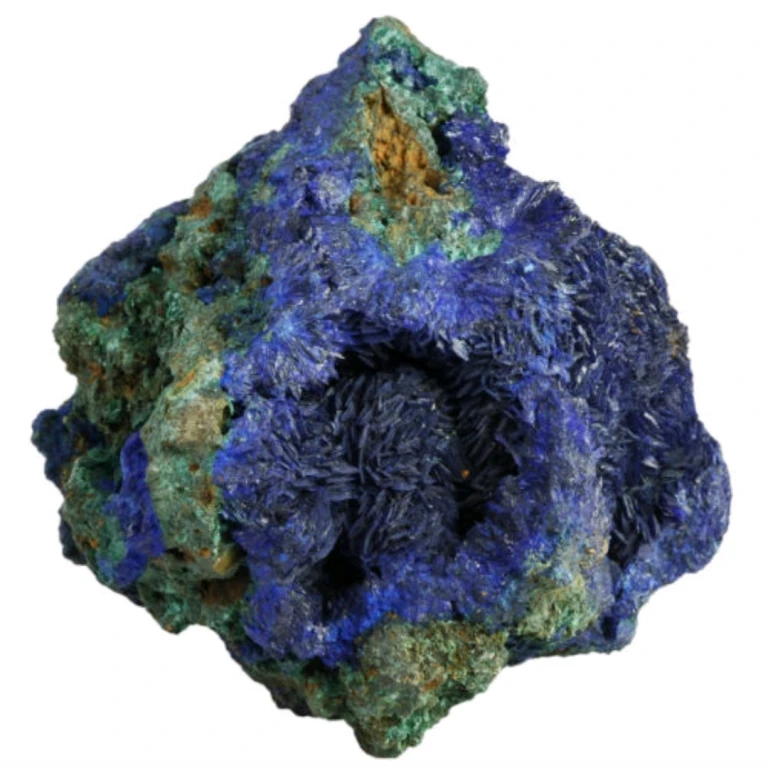 Fantastic Gem Blue Azurite Malachite Crystal  Matrix Mineral Specimen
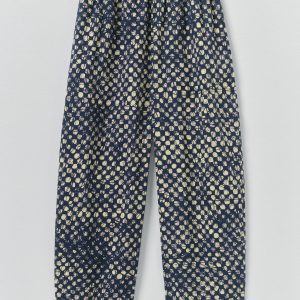 Batik Cook Check Pants | Provencal Blue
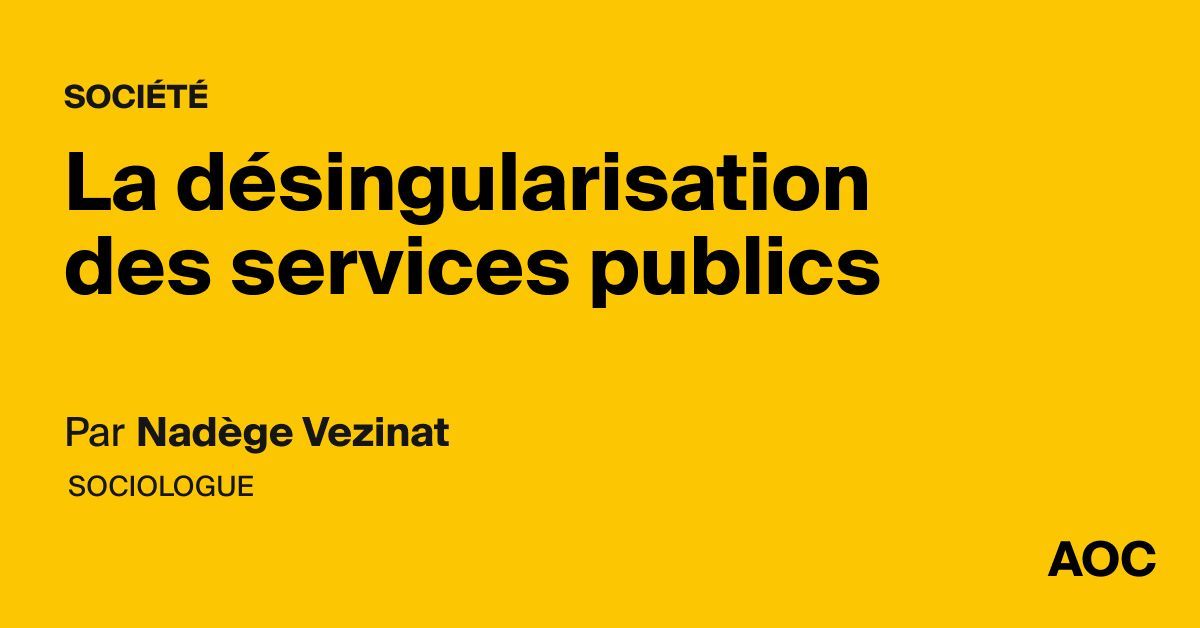 AOC (@aoc_media) on Twitter photo Soumis à des impératifs marchands de rentabilité économique, les agents du service public, dont la singularité par rapport aux entreprises privées tend à disparaître, vivent une crise du sens de leur activité. Par <a href="/NVezinat/">Nadège Vezinat</a> buff.ly/3ViALM1 Soumis à des impératifs marchands de rentabilité économique, les agents du service public, dont la singularité par rapport aux entreprises privées tend à disparaître, vivent une crise du sens de leur activité. Par <a href="/NVezinat/">Nadège Vezinat</a> buff.ly/3ViALM1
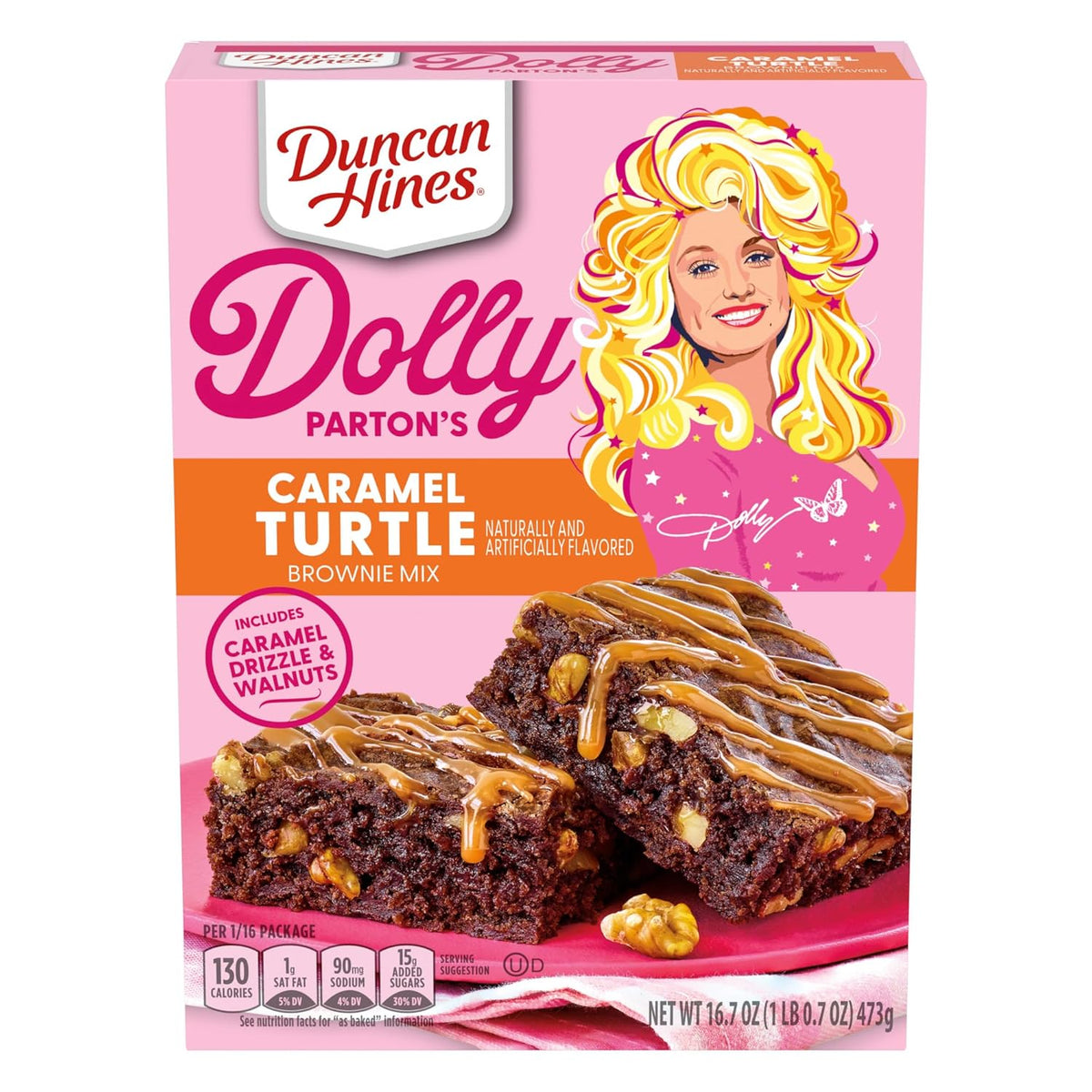 Duncan-Hines-Brownie-Mix,-Caramel-Turtle-Flavored,-16.7-oz.---642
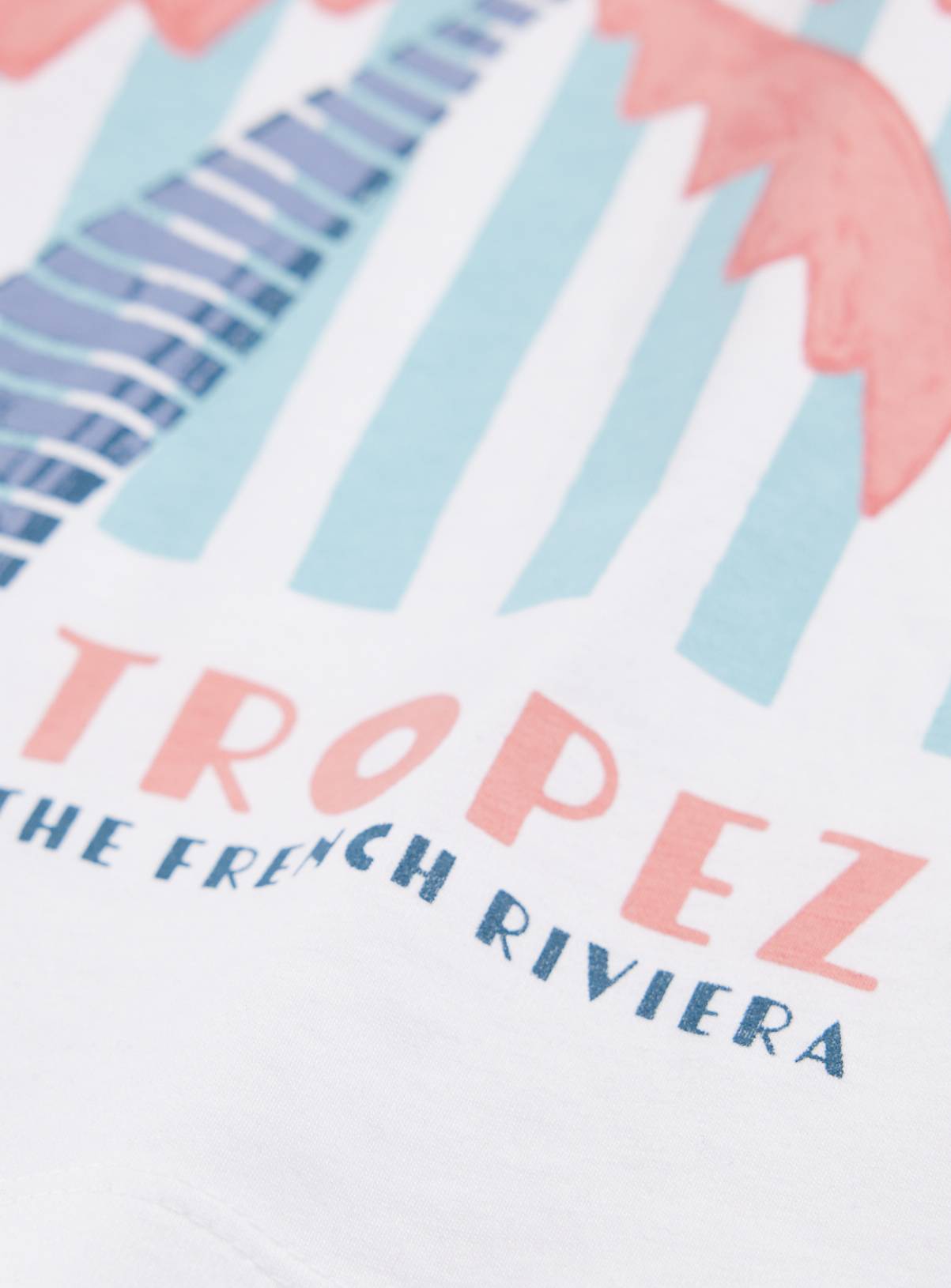 White Saint Tropez Graphic T-Shirt & Shorts Set 5 years - Image 2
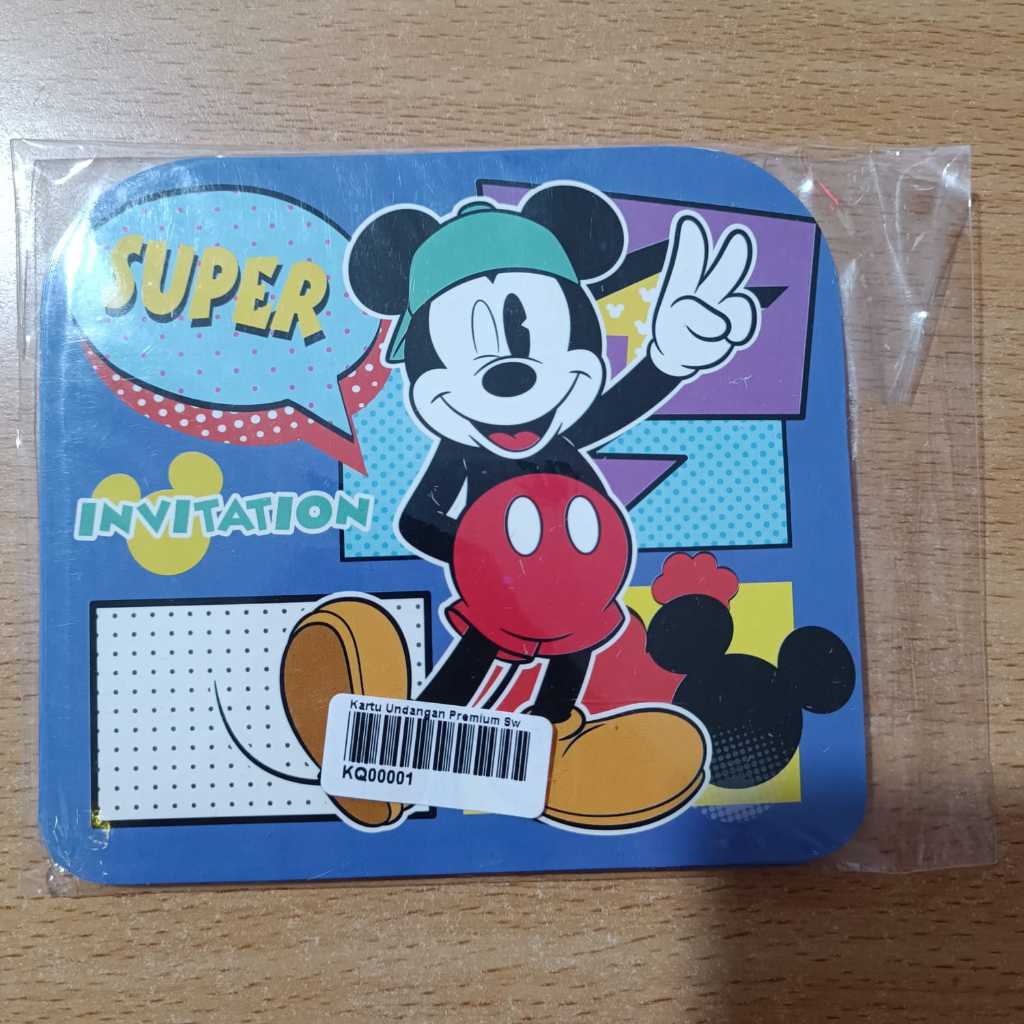 Jual Kartu Undangan Ulang Tahun MICKEY MINNIE MOUSE SW Isi 10 pc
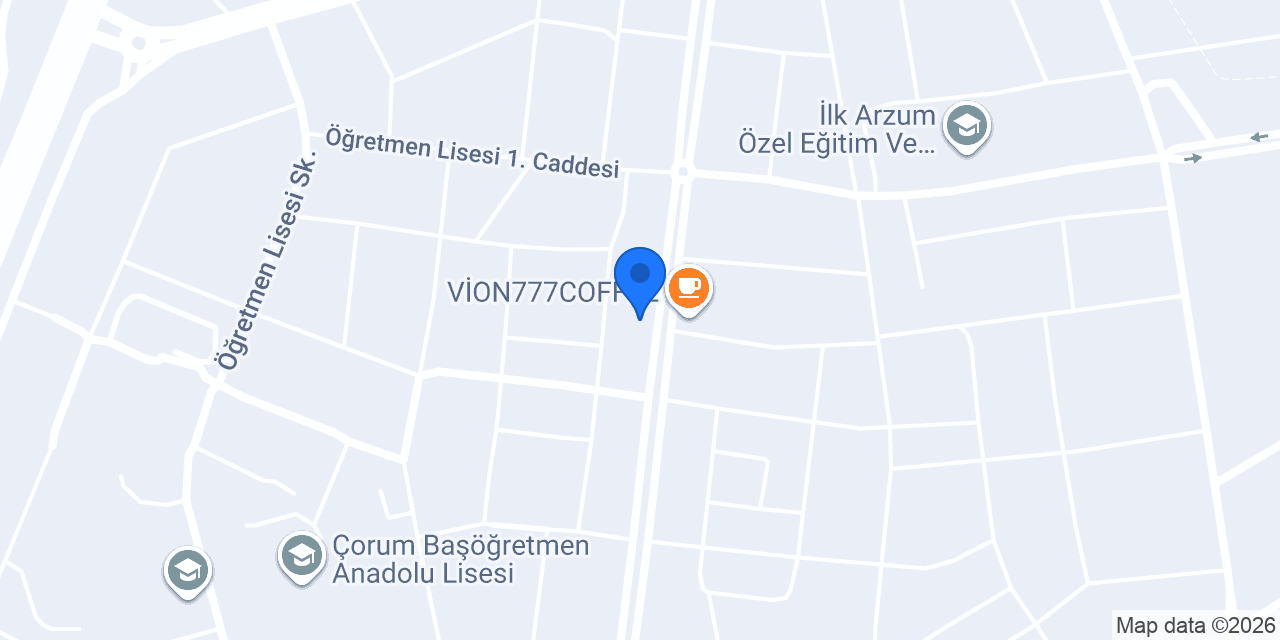 ÇöpŞiş Park ● Çorum konumu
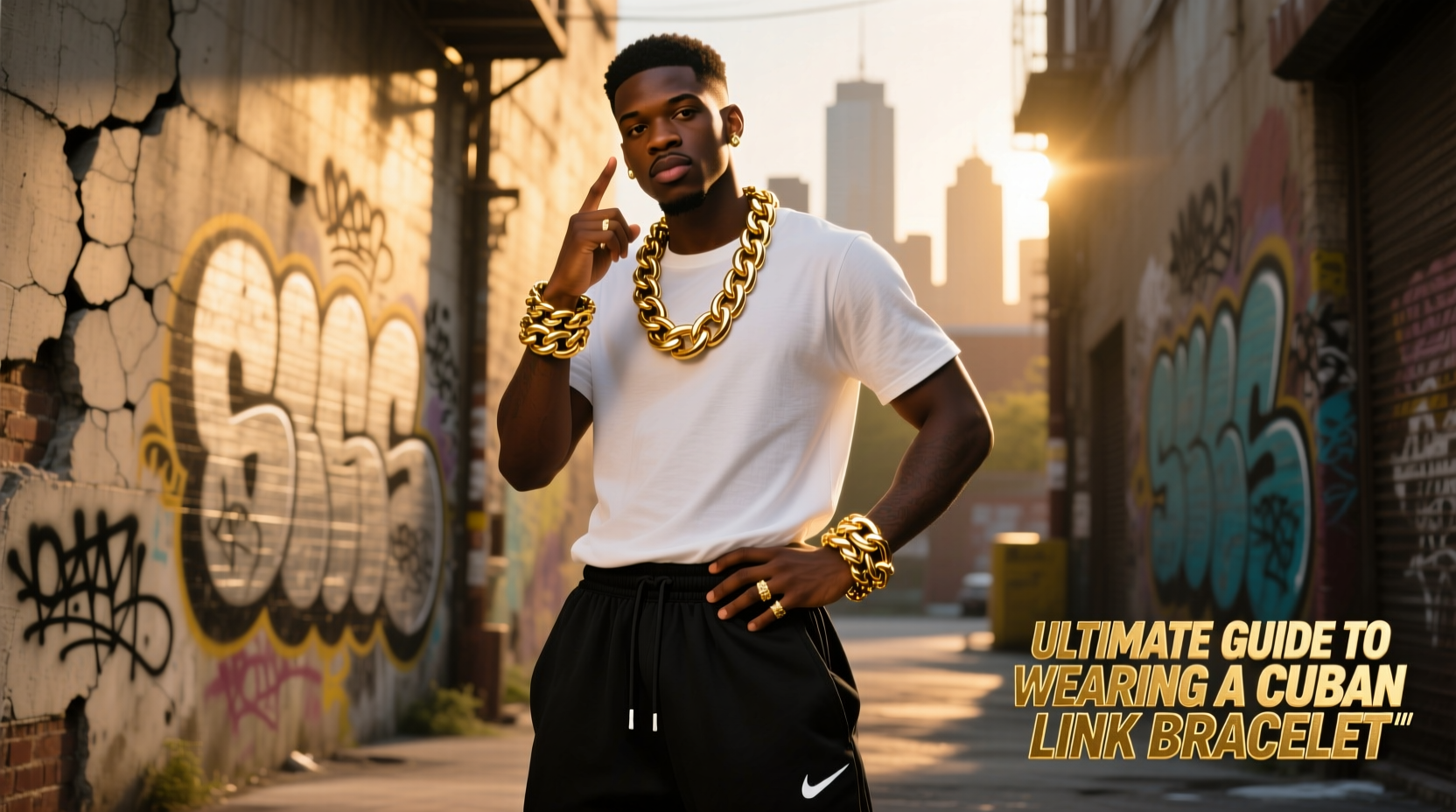 ultimate guide to wearing a cuban link bracelet for authentic hip hop style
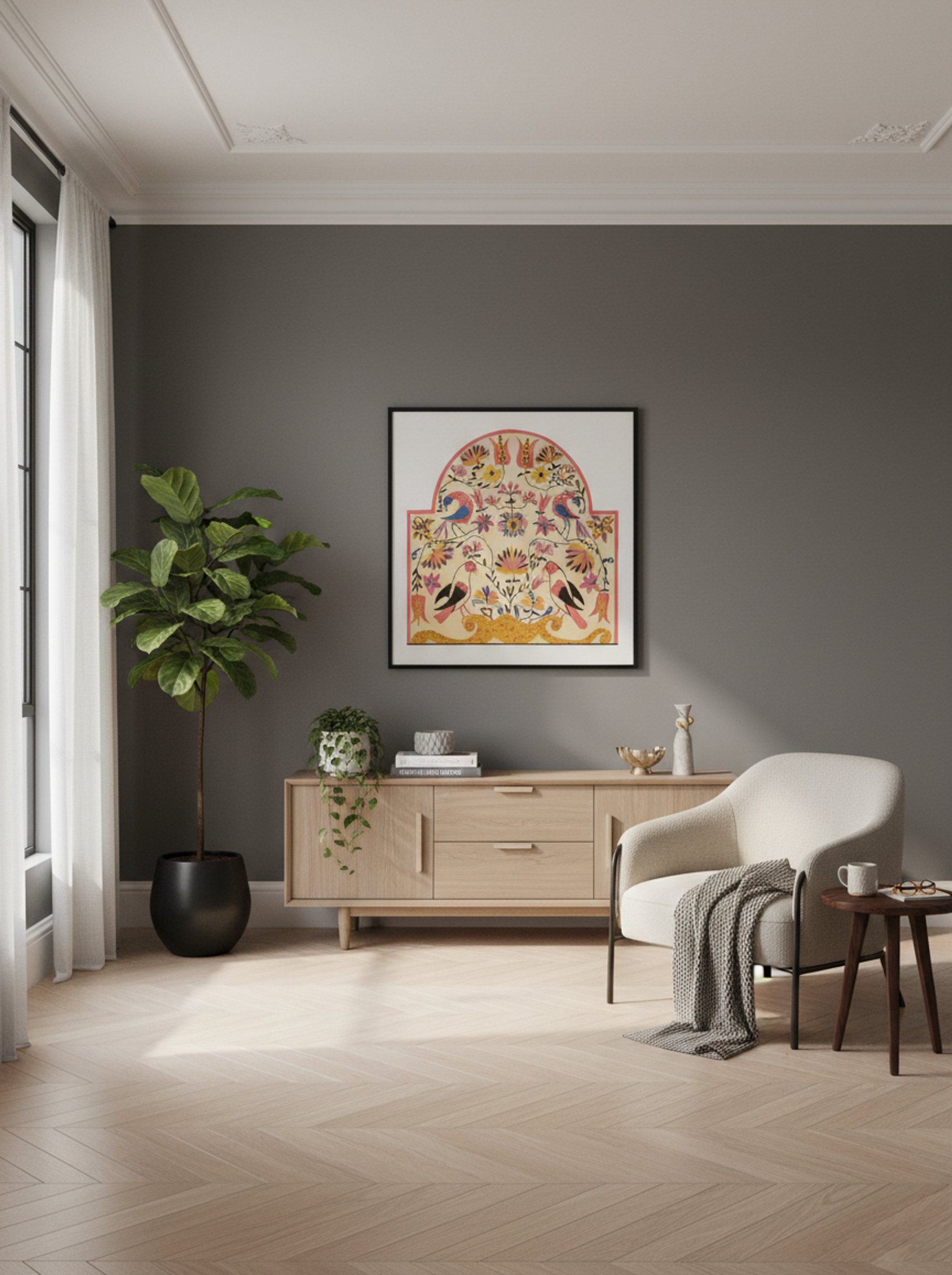 Study for Proposed Portfolio: Decorated Chests of Rural Pennsylvania - Fine Art Print - Lifestyle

Problem: Output the listing above exactly as it stands; no picture should appear.

Exercise output:
 Fantastic Gem Blue Azurite Malachite Crystal  Matrix Mineral Specimen
 Batik Cook Check Pants | Provencal Blue
 AOC (@aoc_media) on Twitter photo Soumis à des impératifs marchands de rentabilité économique, les agents du service public, dont la singularité par rapport aux entreprises privées tend à disparaître, vivent une crise du sens de leur activité. Par <a href="/NVezinat/">Nadège Vezinat</a> buff.ly/3ViALM1 Soumis à des impératifs marchands de rentabilité économique, les agents du service public, dont la singularité par rapport aux entreprises privées tend à disparaître, vivent une crise du sens de leur activité. Par <a href="/NVezinat/">Nadège Vezinat</a> buff.ly/3ViALM1
 Duncan-Hines-Brownie-Mix,-Caramel-Turtle-Flavored,-16.7-oz.---642
 White Saint Tropez Graphic T-Shirt & Shorts Set 5 years - Image 2
 Jual Kartu Undangan Ulang Tahun MICKEY MINNIE MOUSE SW Isi 10 pc
 ÇöpŞiş Park ● Çorum konumu
 ultimate guide to wearing a cuban link bracelet for authentic hip hop style
 Study for Proposed Portfolio: Decorated Chests of Rural Pennsylvania - Fine Art Print - Lifestyle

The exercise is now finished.